● **TASK REQUIREMENTS**: Two lines in the data below mark the range: the one with "покривка за маса с ресни от всички страни" and the one with "Long You West". Return both, along with every line between them, exactly.

● **INPUT MATERIAL**:
**********
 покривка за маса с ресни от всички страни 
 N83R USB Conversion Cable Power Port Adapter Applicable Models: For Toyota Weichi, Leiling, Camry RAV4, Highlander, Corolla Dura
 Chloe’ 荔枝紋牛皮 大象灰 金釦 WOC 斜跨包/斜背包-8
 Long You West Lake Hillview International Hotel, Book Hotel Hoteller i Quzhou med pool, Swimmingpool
**********
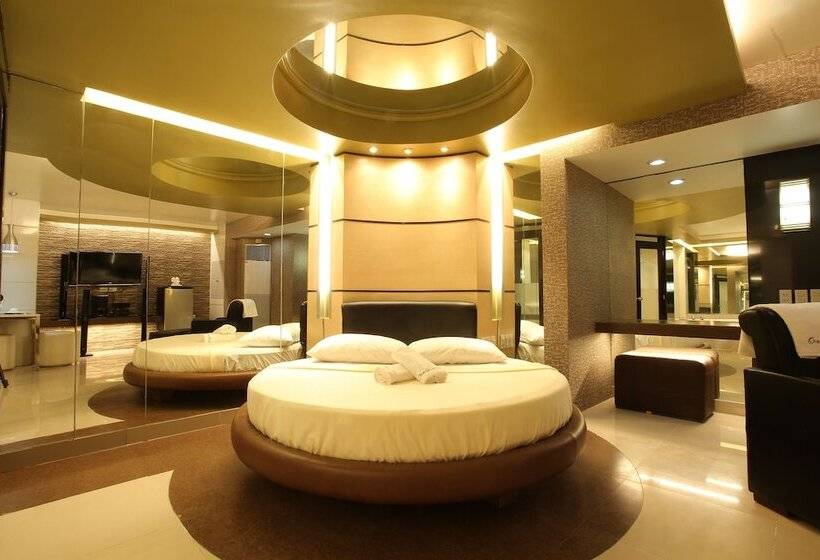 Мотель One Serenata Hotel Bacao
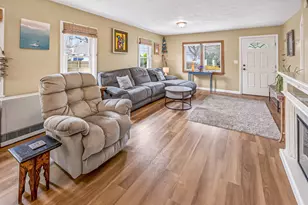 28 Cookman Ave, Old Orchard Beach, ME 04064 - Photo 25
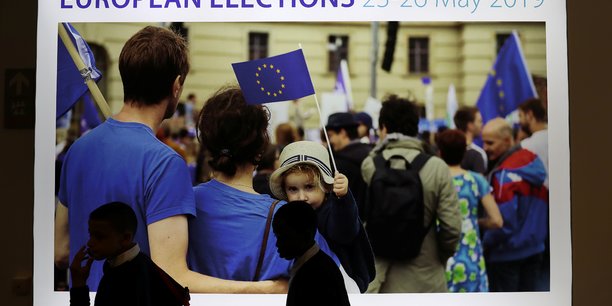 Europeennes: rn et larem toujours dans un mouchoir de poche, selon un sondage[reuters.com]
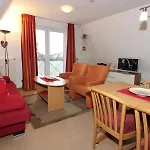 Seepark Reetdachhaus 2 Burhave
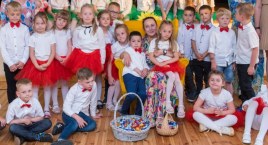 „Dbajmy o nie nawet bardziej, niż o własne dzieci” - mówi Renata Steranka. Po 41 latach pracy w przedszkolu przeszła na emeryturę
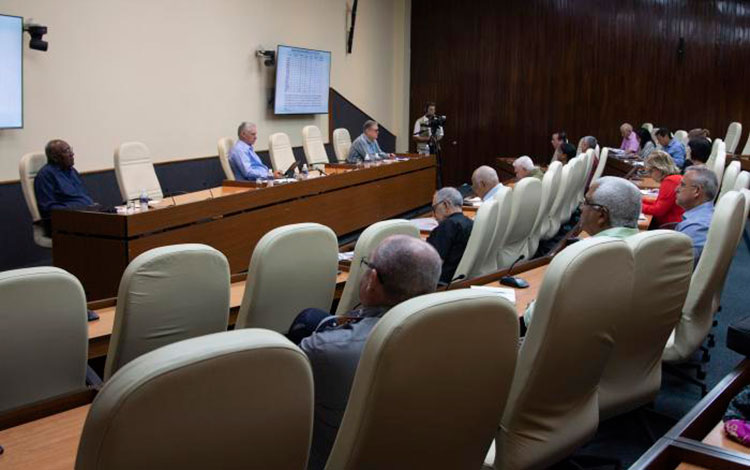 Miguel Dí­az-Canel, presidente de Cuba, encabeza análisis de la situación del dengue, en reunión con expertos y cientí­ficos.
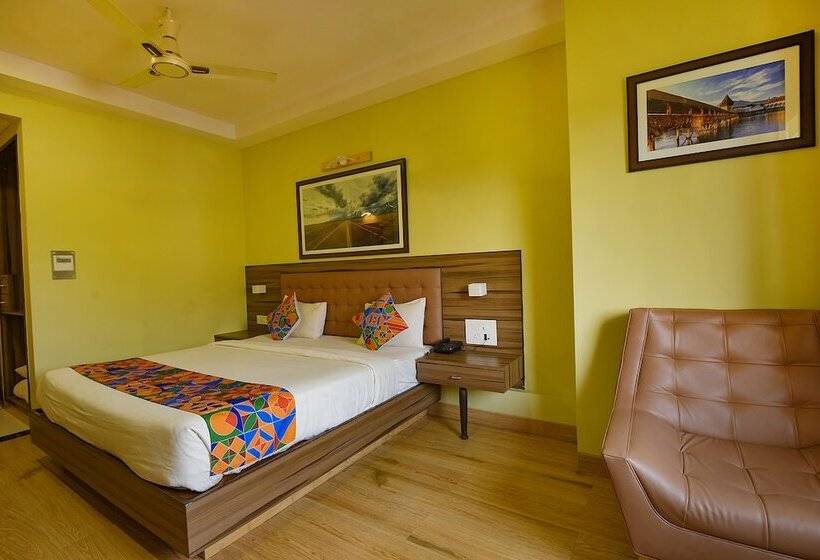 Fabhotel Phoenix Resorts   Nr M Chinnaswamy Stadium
**********
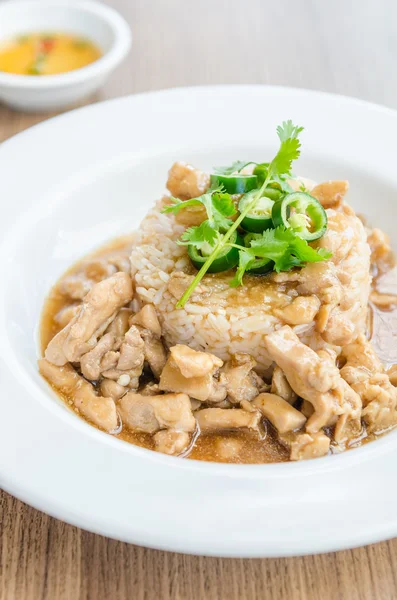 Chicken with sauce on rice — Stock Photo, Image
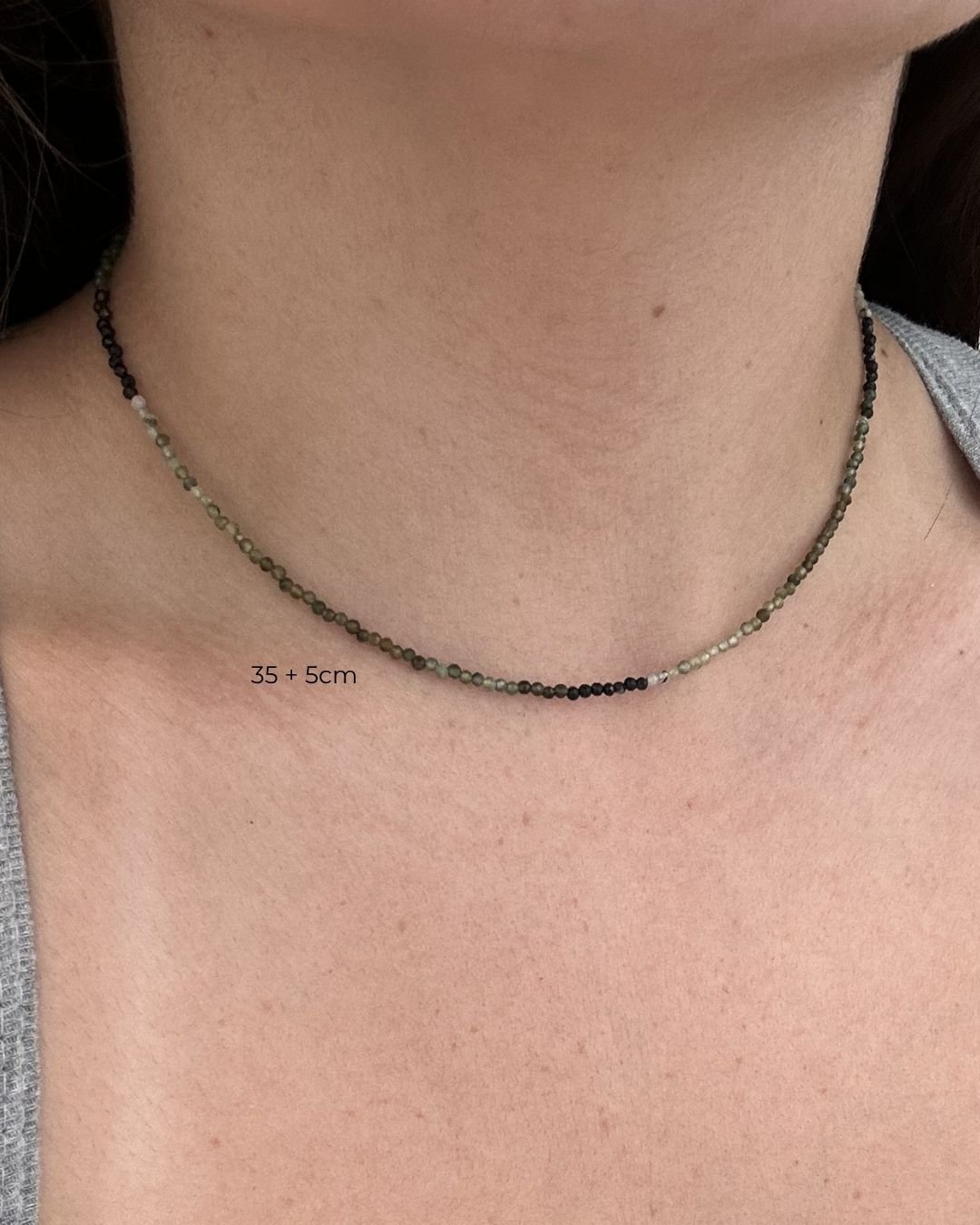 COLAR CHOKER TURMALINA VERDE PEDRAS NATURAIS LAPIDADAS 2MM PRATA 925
**********
● **RESPONSE**:
 покривка за маса с ресни от всички страни 
 N83R USB Conversion Cable Power Port Adapter Applicable Models: For Toyota Weichi, Leiling, Camry RAV4, Highlander, Corolla Dura
 Chloe’ 荔枝紋牛皮 大象灰 金釦 WOC 斜跨包/斜背包-8
 Long You West Lake Hillview International Hotel, Book Hotel Hoteller i Quzhou med pool, Swimmingpool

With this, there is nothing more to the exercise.